▶ [Brief] Below are some records. Return exactly the lines from the one containing "Blauer Blu Polyester" through the one containing "2004 Chevrolet Impala", both included, and only those.

▶ [Data records]
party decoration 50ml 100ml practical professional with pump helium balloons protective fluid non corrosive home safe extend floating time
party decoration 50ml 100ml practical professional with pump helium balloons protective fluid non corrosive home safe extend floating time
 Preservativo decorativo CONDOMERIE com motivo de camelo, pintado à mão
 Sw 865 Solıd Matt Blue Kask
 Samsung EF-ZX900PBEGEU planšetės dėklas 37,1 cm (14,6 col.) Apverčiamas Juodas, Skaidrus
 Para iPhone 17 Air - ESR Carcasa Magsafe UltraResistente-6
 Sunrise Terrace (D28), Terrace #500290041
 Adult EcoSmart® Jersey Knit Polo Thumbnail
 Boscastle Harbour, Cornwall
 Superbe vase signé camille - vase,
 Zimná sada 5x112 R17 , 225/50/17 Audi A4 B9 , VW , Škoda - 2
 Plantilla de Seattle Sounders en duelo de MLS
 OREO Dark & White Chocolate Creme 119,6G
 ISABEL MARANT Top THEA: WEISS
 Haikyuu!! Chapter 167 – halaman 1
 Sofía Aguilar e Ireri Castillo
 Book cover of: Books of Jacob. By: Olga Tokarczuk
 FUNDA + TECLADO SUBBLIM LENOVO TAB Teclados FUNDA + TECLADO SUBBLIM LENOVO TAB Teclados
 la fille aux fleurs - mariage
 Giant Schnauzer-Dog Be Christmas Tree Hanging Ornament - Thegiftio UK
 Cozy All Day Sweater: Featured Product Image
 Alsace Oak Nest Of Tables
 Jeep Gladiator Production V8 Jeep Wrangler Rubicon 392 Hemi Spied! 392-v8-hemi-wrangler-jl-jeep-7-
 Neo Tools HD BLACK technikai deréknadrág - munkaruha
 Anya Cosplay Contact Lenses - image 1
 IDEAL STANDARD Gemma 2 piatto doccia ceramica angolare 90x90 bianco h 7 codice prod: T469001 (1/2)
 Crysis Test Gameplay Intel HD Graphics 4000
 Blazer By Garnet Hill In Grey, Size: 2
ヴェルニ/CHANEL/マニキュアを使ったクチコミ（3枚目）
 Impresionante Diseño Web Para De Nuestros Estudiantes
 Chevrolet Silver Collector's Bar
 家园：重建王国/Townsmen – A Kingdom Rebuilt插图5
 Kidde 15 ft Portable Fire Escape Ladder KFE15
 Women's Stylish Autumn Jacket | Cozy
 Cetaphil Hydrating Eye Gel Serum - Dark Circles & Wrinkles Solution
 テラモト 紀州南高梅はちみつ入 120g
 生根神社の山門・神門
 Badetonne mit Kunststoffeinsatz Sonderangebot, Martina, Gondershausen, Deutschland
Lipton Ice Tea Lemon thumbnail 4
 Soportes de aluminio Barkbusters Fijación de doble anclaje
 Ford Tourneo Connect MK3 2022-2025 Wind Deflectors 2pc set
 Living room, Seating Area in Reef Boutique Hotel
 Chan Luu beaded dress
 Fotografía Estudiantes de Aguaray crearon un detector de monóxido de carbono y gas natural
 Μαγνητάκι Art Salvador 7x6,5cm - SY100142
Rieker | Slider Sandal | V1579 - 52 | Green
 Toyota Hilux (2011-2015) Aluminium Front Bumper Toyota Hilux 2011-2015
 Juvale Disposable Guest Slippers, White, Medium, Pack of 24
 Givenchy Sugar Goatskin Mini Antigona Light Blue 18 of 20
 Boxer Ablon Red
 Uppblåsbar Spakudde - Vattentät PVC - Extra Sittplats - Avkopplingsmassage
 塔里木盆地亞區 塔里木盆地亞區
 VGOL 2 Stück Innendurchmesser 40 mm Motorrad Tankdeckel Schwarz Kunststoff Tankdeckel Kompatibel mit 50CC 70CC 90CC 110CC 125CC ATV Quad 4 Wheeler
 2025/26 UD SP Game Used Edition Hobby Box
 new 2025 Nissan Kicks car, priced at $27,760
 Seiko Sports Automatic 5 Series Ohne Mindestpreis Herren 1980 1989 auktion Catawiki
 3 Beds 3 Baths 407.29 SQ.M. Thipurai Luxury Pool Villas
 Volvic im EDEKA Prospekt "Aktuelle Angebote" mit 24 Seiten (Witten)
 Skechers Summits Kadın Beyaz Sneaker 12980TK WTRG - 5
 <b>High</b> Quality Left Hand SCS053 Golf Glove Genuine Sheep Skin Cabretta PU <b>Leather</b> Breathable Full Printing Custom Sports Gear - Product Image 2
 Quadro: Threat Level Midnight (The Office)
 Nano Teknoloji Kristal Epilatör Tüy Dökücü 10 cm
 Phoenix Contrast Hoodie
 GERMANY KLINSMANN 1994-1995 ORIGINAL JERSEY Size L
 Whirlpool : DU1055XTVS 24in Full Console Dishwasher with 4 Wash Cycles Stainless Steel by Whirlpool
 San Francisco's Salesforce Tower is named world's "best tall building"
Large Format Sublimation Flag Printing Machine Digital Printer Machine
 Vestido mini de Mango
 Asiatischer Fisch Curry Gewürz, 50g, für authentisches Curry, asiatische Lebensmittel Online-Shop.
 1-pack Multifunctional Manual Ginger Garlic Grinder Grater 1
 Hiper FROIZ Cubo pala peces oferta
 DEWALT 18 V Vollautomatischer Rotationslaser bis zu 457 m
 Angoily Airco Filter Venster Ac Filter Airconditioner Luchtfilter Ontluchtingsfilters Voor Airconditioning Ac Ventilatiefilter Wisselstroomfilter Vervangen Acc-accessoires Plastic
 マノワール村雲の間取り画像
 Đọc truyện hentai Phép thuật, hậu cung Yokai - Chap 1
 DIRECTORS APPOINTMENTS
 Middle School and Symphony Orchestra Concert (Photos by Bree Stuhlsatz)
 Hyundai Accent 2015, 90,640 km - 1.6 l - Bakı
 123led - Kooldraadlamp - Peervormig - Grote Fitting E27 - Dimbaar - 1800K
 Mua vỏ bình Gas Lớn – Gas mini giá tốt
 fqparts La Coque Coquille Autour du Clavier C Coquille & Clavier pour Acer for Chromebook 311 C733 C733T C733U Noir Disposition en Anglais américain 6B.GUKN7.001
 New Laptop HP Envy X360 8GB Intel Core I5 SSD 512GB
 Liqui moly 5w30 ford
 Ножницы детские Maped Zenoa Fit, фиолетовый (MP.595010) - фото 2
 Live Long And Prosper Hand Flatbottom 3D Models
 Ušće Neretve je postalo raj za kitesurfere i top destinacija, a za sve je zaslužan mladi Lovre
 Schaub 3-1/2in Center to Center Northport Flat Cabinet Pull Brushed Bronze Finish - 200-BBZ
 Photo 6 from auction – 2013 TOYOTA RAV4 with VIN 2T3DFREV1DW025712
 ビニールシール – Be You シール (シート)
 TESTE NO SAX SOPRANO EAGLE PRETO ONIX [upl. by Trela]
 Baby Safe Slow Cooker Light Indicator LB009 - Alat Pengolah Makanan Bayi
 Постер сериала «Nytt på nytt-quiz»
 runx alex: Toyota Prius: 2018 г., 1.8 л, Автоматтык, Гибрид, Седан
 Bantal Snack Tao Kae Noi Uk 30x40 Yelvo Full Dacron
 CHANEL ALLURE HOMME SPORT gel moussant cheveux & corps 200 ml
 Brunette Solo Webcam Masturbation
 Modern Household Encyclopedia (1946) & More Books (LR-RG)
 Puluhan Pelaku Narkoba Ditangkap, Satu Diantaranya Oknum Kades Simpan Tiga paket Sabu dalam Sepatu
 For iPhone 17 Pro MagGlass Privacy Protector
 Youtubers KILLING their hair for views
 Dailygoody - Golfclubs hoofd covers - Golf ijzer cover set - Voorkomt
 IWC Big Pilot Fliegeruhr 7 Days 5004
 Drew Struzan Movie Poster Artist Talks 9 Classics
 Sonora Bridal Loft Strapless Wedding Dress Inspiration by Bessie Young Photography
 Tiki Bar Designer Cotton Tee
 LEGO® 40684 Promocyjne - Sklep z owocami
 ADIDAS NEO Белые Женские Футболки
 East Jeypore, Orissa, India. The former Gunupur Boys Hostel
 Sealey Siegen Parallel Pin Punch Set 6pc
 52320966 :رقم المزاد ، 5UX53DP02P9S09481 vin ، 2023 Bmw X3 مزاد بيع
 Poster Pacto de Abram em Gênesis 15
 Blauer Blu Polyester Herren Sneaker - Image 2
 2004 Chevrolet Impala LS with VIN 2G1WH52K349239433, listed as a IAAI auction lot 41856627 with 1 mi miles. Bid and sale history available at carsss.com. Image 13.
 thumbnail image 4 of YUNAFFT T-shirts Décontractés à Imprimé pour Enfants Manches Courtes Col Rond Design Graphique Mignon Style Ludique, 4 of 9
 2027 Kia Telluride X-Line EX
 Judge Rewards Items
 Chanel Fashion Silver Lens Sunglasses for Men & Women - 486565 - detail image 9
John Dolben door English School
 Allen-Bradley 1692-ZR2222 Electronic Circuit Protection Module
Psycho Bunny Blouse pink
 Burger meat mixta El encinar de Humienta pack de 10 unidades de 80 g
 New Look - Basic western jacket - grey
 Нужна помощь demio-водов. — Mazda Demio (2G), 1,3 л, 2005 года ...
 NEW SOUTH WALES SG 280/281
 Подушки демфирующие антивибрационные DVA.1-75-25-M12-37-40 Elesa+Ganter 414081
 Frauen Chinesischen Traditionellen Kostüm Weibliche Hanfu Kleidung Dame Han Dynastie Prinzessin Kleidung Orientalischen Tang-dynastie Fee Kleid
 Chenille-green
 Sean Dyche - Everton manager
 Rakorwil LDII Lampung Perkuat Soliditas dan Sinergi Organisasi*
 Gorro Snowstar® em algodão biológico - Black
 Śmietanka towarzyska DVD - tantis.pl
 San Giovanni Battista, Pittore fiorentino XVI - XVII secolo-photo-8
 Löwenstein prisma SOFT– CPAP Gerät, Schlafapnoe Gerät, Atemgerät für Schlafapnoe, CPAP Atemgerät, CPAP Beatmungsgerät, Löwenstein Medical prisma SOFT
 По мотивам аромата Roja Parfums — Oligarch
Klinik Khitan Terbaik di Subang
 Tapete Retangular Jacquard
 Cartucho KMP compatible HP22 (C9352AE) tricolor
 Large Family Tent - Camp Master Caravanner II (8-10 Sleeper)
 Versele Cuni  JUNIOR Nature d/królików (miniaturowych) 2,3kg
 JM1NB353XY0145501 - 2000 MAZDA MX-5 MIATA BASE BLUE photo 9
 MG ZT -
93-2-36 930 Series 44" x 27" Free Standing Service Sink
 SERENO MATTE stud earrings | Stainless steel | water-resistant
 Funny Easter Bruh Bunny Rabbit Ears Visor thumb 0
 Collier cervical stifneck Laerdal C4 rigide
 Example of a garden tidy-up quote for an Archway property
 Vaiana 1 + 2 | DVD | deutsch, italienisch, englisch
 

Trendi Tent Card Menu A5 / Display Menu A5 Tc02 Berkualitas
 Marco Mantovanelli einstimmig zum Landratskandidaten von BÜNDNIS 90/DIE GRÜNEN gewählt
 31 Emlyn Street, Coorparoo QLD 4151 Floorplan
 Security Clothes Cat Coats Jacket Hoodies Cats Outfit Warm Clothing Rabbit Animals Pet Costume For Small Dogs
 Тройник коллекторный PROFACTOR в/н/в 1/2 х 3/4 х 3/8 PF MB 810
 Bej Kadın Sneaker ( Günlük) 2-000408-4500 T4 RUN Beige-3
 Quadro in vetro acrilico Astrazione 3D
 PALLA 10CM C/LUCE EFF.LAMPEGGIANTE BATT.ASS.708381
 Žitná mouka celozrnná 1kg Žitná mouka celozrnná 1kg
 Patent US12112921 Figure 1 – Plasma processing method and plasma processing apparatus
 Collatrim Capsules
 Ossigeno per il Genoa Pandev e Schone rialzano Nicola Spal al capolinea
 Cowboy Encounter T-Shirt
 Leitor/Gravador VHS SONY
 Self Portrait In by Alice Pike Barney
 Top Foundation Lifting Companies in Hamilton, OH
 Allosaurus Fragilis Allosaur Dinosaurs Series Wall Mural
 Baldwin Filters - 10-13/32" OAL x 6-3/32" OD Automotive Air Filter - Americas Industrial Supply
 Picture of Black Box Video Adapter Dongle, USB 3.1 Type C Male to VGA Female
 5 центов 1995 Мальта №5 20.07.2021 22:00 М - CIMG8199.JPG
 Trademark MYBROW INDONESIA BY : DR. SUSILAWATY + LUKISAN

▶ [Exercise response]
 Blauer Blu Polyester Herren Sneaker - Image 2
 2004 Chevrolet Impala LS with VIN 2G1WH52K349239433, listed as a IAAI auction lot 41856627 with 1 mi miles. Bid and sale history available at carsss.com. Image 13.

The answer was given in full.